Extracted entries below:

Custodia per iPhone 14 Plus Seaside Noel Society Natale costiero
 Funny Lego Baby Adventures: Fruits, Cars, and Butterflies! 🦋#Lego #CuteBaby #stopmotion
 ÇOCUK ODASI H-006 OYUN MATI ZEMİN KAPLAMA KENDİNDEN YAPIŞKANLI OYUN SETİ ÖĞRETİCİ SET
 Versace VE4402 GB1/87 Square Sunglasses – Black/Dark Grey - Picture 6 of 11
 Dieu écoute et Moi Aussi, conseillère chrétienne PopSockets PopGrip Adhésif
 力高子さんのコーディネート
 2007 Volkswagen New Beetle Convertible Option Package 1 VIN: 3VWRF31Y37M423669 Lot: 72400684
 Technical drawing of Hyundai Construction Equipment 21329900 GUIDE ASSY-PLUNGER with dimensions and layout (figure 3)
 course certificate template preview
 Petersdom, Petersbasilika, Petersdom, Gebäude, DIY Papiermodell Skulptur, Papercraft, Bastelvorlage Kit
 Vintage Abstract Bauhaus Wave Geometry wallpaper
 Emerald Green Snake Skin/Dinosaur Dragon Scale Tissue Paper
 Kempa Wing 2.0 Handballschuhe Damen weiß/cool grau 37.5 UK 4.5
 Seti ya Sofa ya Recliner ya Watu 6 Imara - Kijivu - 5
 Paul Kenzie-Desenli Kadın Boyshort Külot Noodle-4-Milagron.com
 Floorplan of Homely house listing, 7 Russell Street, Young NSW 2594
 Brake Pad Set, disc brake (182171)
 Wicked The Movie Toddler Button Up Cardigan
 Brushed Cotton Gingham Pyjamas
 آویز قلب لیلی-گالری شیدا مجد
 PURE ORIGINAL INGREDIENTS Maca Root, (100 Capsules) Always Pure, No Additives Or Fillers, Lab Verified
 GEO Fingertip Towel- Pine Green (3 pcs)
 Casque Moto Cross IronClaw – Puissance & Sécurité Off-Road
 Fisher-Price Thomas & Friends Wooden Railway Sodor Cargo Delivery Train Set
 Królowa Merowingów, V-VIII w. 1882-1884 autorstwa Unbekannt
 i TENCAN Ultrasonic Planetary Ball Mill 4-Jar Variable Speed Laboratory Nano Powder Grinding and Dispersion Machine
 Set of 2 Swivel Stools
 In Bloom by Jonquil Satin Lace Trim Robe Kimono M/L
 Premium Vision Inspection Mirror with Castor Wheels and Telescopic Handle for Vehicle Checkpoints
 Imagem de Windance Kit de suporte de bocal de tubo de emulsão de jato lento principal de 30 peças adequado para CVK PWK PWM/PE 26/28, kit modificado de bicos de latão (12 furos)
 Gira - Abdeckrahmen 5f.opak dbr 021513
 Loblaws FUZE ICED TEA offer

End of Extracted entries.

__Exercise goal__. Show every line in the listing above that carries the word "with".

__The answer__.
 Technical drawing of Hyundai Construction Equipment 21329900 GUIDE ASSY-PLUNGER with dimensions and layout (figure 3)
 Premium Vision Inspection Mirror with Castor Wheels and Telescopic Handle for Vehicle Checkpoints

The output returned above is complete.